Canon law is voluntary and is based on faith. However, canon law is not the direct means of salvation as it is not divine law (although at times it may include elements of divine law.) Instead, it is the law of the community of the Church. It is meant to be a tool of service to the Church and to Christian and human values.

Canon law is necessary for good order within the Church. We have seen, with such problems as the sexual abuse crisis, what results when canon law is ignored. Canonical norms give reliable procedures with predictable outcomes. As a result, it affords stability. Canon law also defines and protects the institutions and externals of the Church.

Canon law is also meant to enables people to use their charisms easier and participate in their own way in the three-fold functions of Christ (priest, prophet, king), such as through associations of the Christian faithful and by defining their individual rights and obligations. For all members of the Church, it is meant to encourage the activity of the Spirit and fruitful pastoral action. It is meant to balance the rights and obligations of individuals with the common good of the community.

Canon law also has a didactic function. It reminds the community of its own values, norms and standards. It teaches what should be done and explains why.

Canon law is also meant to safeguard spiritual values. It is meant to safeguard the sacraments and maintains their priority in the life of the Church. It is meant to safeguard the Word of God and helps its effective spread. It is meant to define, protect and promote the communion of the Church.

Last but certainly not least, canon law defines and protects rights and responsibilities of all people, according to their status in the Church. Law is intrinsic to Christian relationships within the Church. For example, canon law defines the sacraments, which are essential to defining our Christian relationships. It is meant to facilitate peace, justice, equity and fairness among all members of the Church. Remember that the Latin title for the Code of Canon Law is Codex Iuris Canonici. While we ordinarily translate this, "Code of Canon Law," it could be more literally translated, "Code of Canonical Rights." An even more complete title might be, "Code of Canonical Rights and Obligations." If all people respect the rights of others in the Church and fulfill their obligations, according to their station in the Church, then the Church would function smoothly and without difficulty.

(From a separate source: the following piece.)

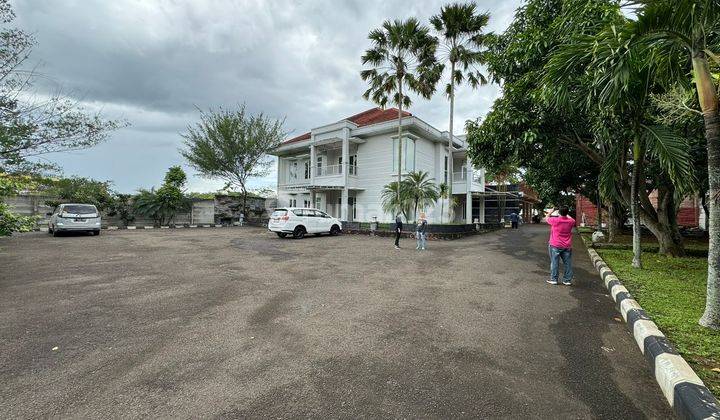 Gudang, Rumah dan Mess Karyawan di Kota Cianjur, Jawa Barat 2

Canon law includes all law of the Church -- from the pope, from individual bishops, from the bishops of a province or country. There are two codes of canon law -- the Code of Canon Law of the Latin Church (which applies to the majority of Catholics) and the Code of Canons of the Eastern Churches (which applies to all of Eastern Catholic Churches). The codes include the basic framework of the Church's law.

The primary tasks of the pope and the bishops are to teach, sanctify (make holy), and govern. Teaching is the foundation since it leads to sanctification. (The governing function serves the teaching and sanctifying functions.) The magisterium is the official teaching office of the Church. It consists of the pope and the bishops. (Priests are not part of the magisterium but teach as co-workers with the pope and the bishops.) Canon law is promulgated by the pope and bishops using their legislative authority, part of their governing authority. The magisterium, on the other hand, is the teaching authority of the pope and bishops.

The primary of St. Peter is based on a few principal Scripture passages (Matthew 16:17-20; Luke 22:31-32; John 1:42, 20:23, 21:15-17; 1 Thessalonians. 2:13). St. Peter started as leader of the Christian community in Jerusalem, then spent time in Antioch, then he went on to Rome where he was martyred.

Jesus obviously would not have intended the authority he gave to St. Peter and the apostles to end with the death of the apostles. This is why we believe that the authority of St. Peter and the apostles continues in the Church today through the pope and the bishops. As successor of St. Peter, the pope is the head of the college of bishops, and the college cannot act without its head. Because of the authority that Jesus gave the apostles, we believe that the Church hierarchy possesses the charism of truth.